First of all happy new year! Lets make it a great Power BI year, one of my resolves is to do more blogging this year.
My wife was talking to me about the need for her to get some information from a Facebook page she is admin for. A project that is getting more and more traction across the us and the globe is the “buy nothing project” (http://buynothingproject.org/) . This project is a hyperlocal Facebook group that enables members to post anything you’d like to give away, lend, or share among neighbors in the same city. Instead of buying it in a store you can get it from a neighbor who doesn’t need to have that specific item any more.
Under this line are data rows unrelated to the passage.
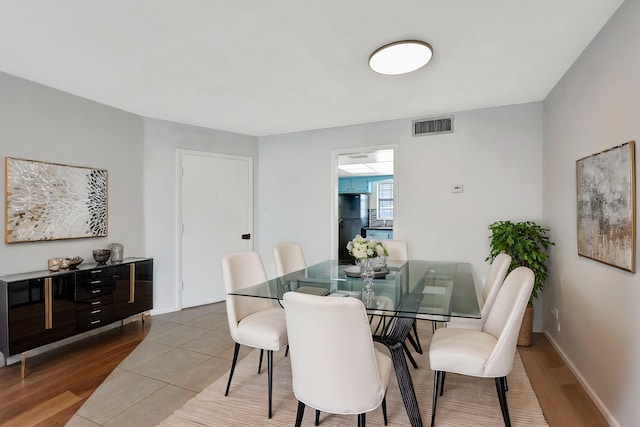 dining space featuring hardwood / wood-style floors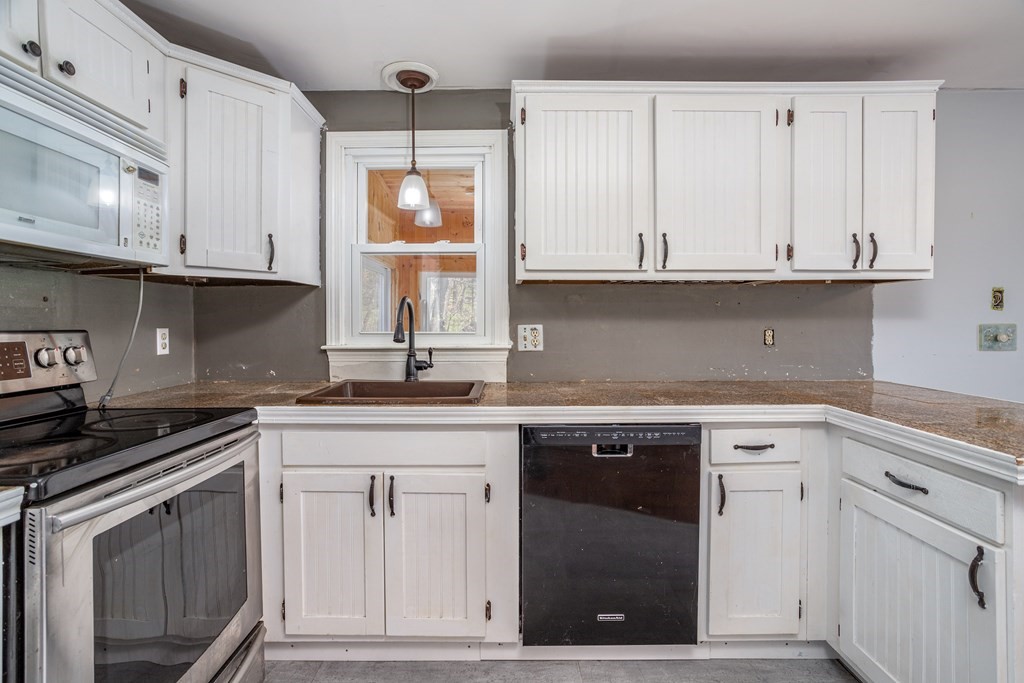 1 Needham Road Westminster, MA 01473 - Photo 11 of 42 a kitchen with granite countertop white cabinets and a sink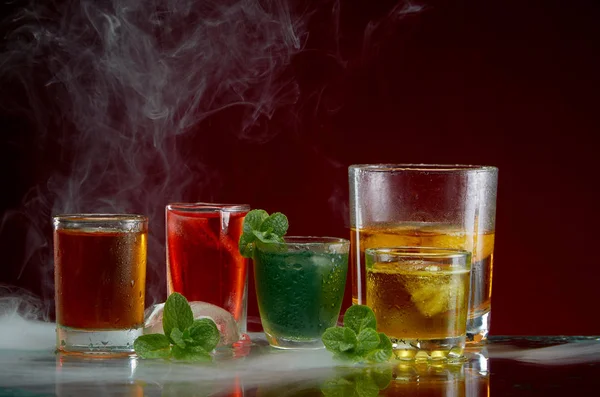 Alcoholic drink with ice and mint in a light smoke on the red background — Stock Photo, Image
In the project admins group a thread got started on how to get more information on these local group. So I thought lets see if I can get this information from Facebook using Power Query and into Excel. Some information that might be useful is to be able to see if the members of the local group actually live in the same city as the group or what is the percentage of male / female posts or what is the most active hour etc etc.
And I managed to get it working so lets take a look at how this works.
Lets get started, open Excel 2013, open the Power Query tab and select import from other sources, From Facebook:
Now you need to log in with your Facebook credentials that will be stored on your computer, The window that opens next asks for a “object” in the Facebook graph.
Facebook graph is the primary way for external apps to talk with Facebook. This allows you to get all the information you can think off from Facebook and Power Query can handle all this information. For more information see: https://developers.facebook.com/docs/graph-api/
In order to figure out what the ID of the object is what you want to get information on is open that page in the browser and copy the number at the end. This is your Object ID. I created a test group where I added some colleagues and friends.
Now each object in Facebook has many connections, you can find all the connections that are available from the API documentation mentioned above or you can select the connection you want to use from the dropdown in Power Query. In our case I want to see the member list:
I press OK and this opened the Power Query Editor which loaded the data from my Facebook group which I named “Members” (I got rid f the name column for privacy reasons):
I wanted to get some additional information so I click on the header of the object_link column, this opens a small list of items that get returned by Facebook:
One thing that I found out is that some items are not shown because Facebook wont return items that are not available for all members. In my case I want to get the location of the member if available. Many members don’t have their location so you want be able to select this by default. So what I did is filter the list down to only me by clicking on the header above the name field and selecting “Kasper de Jonge”. When I now click the object link we get a much larger list where I select “gender” and “location”:
This adds two columns but the location is still not usable as Facebook returns data in a hierarchical shape and not a neat row that we expect in Excel. Luckily Power Query knows how to handle this.
I clicked on the icons in the header again and select name:
This gives me the members with the information that I need for my group. I select Load to Data Model and press “Apply & Close”:
This loads the data into Excel and the Power Pivot model. I open the query again by clicking on the Workbook button in the Power Query tab. This opens a pane with all the queries in my workbook, I hove over the one that I want and click “Edit Query”:
Now that I have all the columns I remove the filter by clicking on the X mark next to the filtered row step:
This now loads in all the rows into the Power Pivot Model, I open the Power Pivot window by clicking on the PowerPivot tab and select “Manage”:
Now the next thing that I want to get is the posts done to this group. I again go to import from Facebook and this time I select “Feed” as connection. This will download all the posts done in this group. Again I make a selection of the fields that I want, similar as before and import the data into the Power Pivot model:
This gives us all kinds of interesting details on the posts made. One additional action that I took when importing the data was add some aggregations to the list. For example comments is not a cell in this table but actually a reference to another table, instead of importing all the comments made on this post I want to see the nr of comments. I can click on the arrows icons
This will give me a UI that allows me to choose what I want to do. Do I either want to Expand the data or Aggregate the rows. In this case I choose Aggregate by the number of ID’s of the comments:
Now the last thing I want to do is create a relationship between the members table and the feeds table so I can combine the information from both together. I open the Power Pivot window again and switch to the diagram view:
Here I drag the memberID on top of the ID column of members, thus creating a relationship. Some data I already know I want to report on is the number of members and number of feeds. I open the Data view again and add two calculated fields in the calculation area:
Nr of posts:=COUNTROWS(Feeds)
Nr of members:=COUNTROWS(‘Members’)
Now I am ready to do some analysis. I go back to Excel and create some simple reports:
From here there are tons of things we can do and create all kinds of reports from the data.